EXERCISE:
The answer is the line with "Welcome to Billing" and every line after it to the end of the listing, retyped exactly. Pictures do not belong in it.

DATA IN THIS EXERCISE:

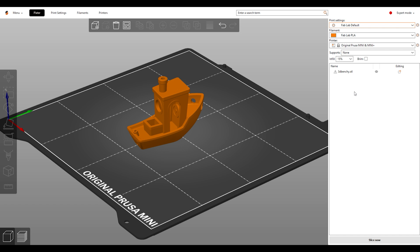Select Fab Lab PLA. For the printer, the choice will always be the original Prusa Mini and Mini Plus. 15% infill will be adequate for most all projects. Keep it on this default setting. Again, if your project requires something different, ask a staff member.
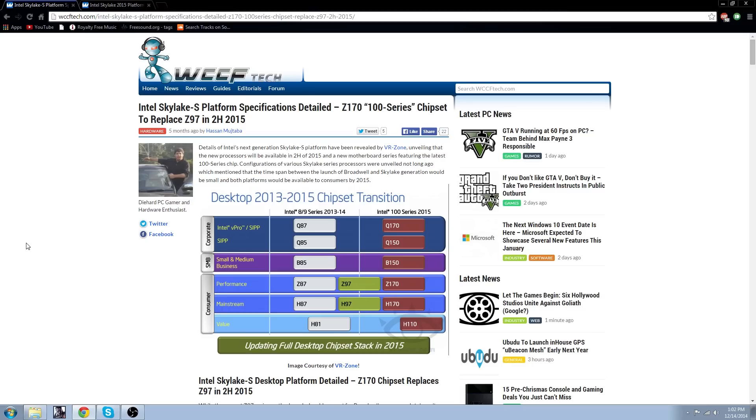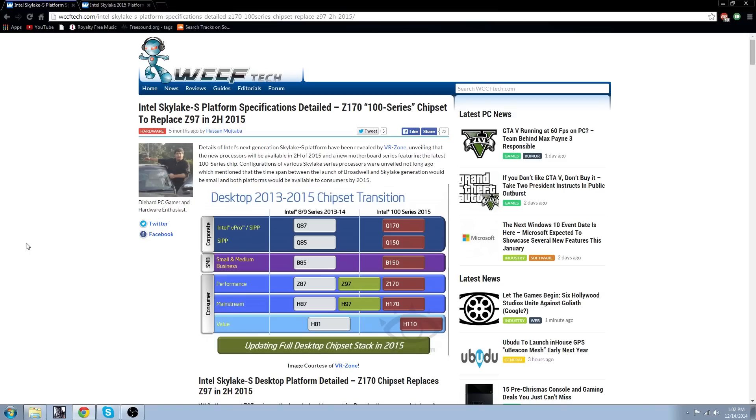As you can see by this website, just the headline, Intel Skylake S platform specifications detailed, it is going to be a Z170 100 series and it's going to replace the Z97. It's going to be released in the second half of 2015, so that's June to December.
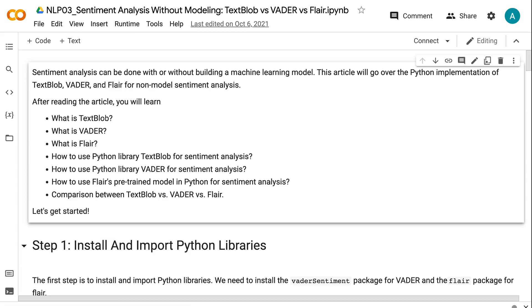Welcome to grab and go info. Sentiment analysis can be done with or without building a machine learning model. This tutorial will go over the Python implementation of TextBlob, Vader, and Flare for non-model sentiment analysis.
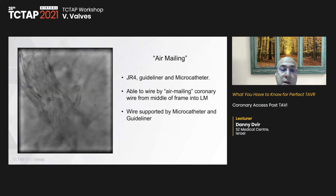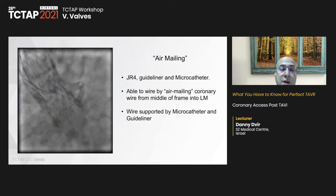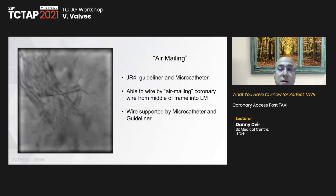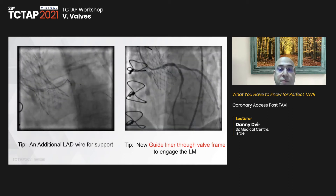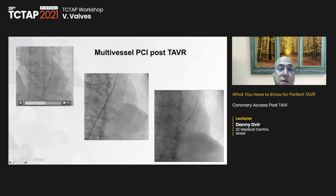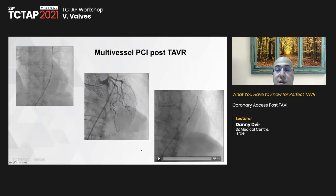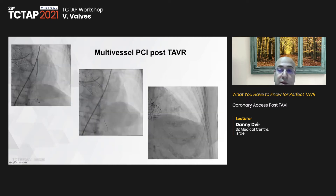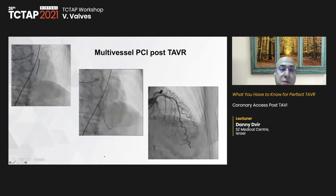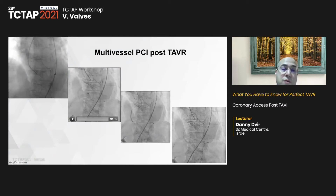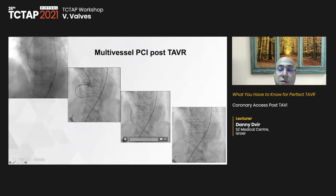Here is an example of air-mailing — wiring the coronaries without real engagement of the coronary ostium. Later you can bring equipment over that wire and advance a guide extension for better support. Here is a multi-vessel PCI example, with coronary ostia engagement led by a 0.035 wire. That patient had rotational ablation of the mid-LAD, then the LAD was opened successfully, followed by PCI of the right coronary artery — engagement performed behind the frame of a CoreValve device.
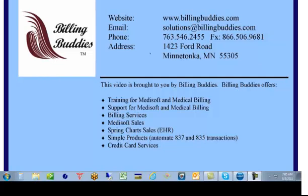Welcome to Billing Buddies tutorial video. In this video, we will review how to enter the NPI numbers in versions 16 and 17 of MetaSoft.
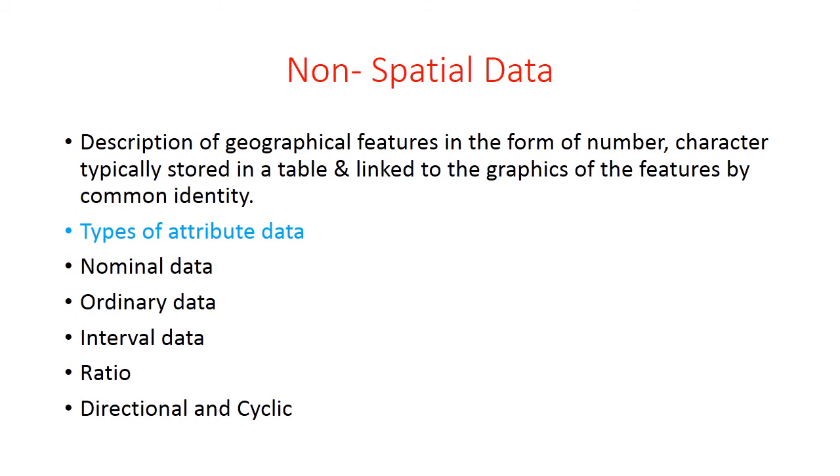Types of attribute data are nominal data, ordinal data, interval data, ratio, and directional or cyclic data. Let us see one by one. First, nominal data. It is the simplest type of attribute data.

EXPECTED ANSWER:
Welcome to Billing Buddies tutorial video. In this video, we will review how to enter the NPI numbers in versions 16 and 17 of MetaSoft.
Types of attribute data are nominal data, ordinal data, interval data, ratio, and directional or cyclic data. Let us see one by one. First, nominal data. It is the simplest type of attribute data.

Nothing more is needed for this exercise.